DATASET:
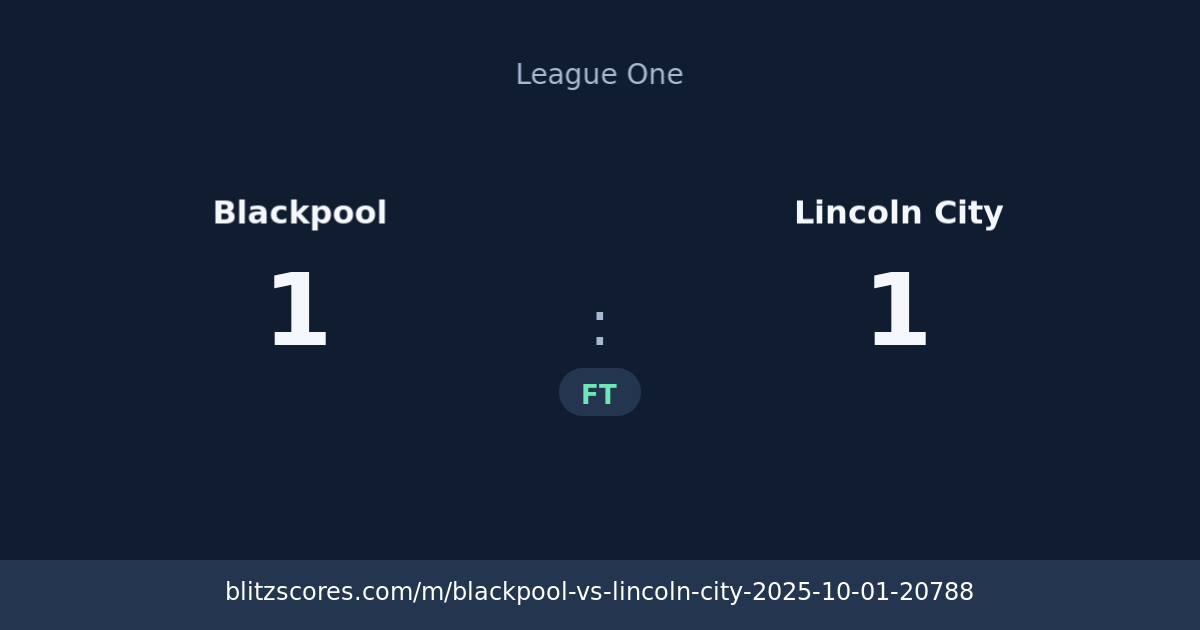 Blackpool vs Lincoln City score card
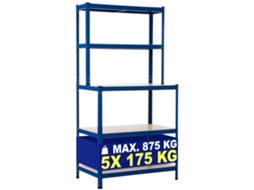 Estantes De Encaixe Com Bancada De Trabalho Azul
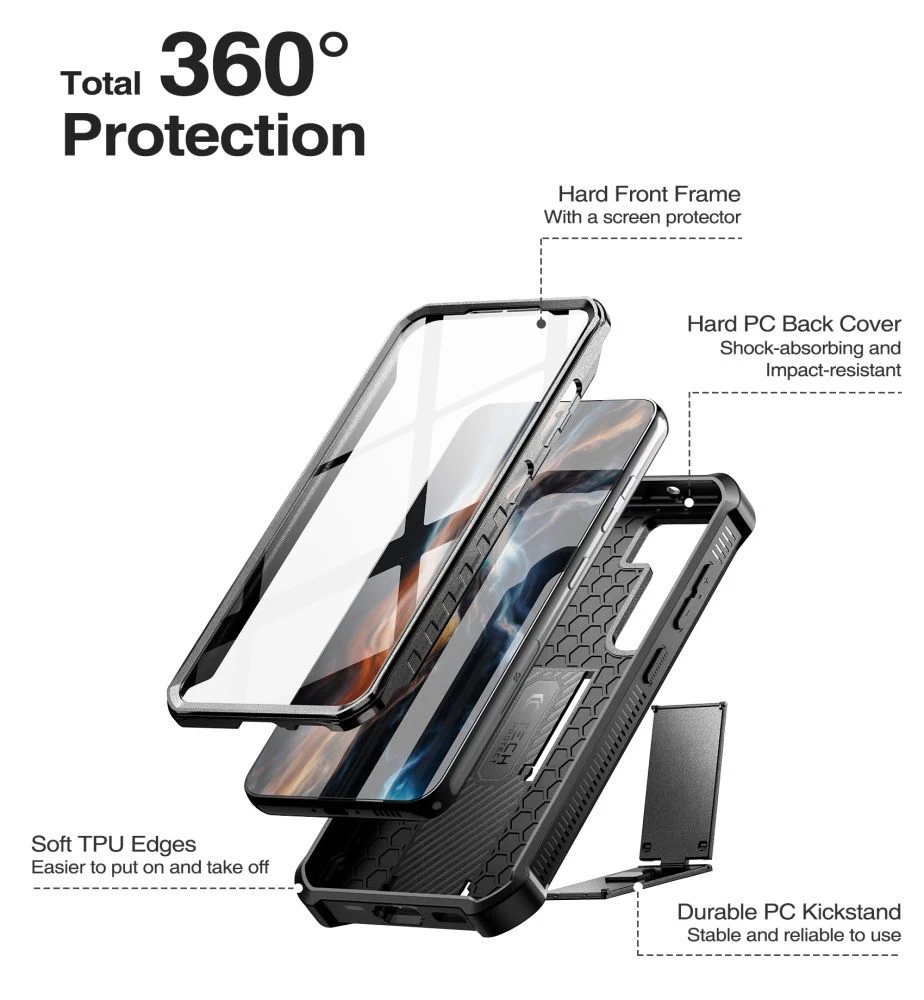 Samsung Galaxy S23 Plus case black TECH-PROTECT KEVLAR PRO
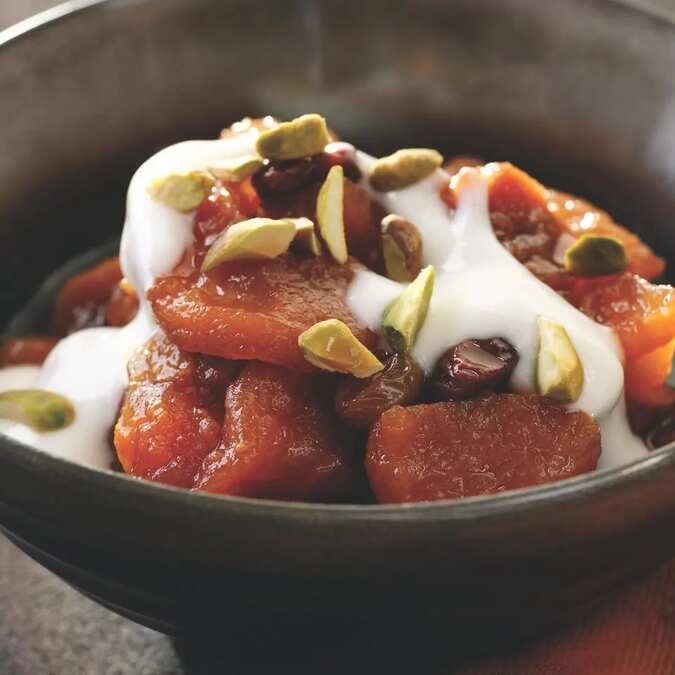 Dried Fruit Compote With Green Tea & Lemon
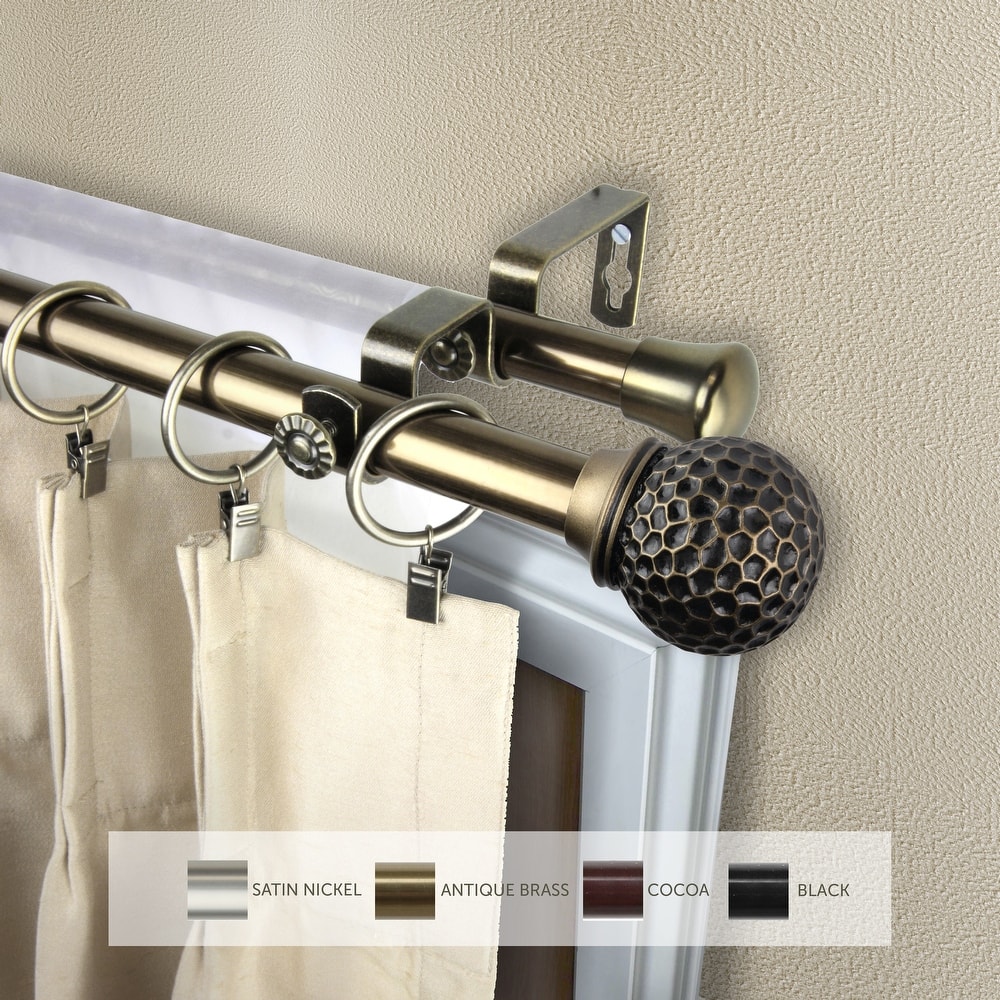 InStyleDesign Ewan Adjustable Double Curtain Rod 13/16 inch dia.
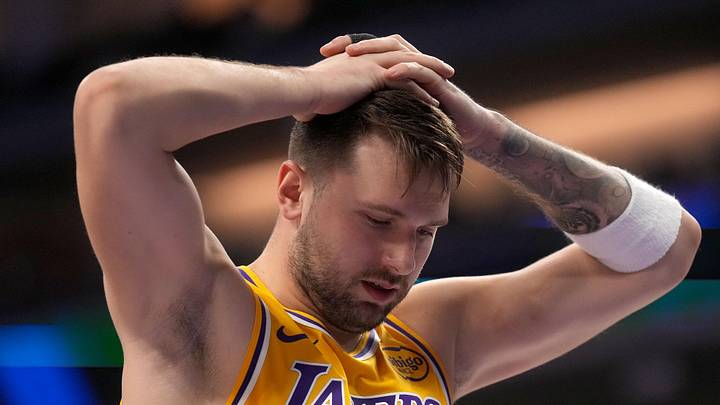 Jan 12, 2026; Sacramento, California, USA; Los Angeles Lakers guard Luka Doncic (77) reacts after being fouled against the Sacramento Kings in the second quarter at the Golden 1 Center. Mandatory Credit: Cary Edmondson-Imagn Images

==

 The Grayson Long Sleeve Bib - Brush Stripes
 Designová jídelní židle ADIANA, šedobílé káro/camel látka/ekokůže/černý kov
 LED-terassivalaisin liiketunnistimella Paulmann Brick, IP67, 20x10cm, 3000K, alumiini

EXERCISE AIM: In the records above, find the line with "Blackpool vs Lincoln City score card" and the line with "Jan 12, 2026;", then restate word for word only those two lines and all lines between, omitting pictures.

RESPONSE BELOW:
 Blackpool vs Lincoln City score card
 Estantes De Encaixe Com Bancada De Trabalho Azul
 Samsung Galaxy S23 Plus case black TECH-PROTECT KEVLAR PRO
 Dried Fruit Compote With Green Tea & Lemon
 InStyleDesign Ewan Adjustable Double Curtain Rod 13/16 inch dia.
 Jan 12, 2026; Sacramento, California, USA; Los Angeles Lakers guard Luka Doncic (77) reacts after being fouled against the Sacramento Kings in the second quarter at the Golden 1 Center. Mandatory Credit: Cary Edmondson-Imagn Images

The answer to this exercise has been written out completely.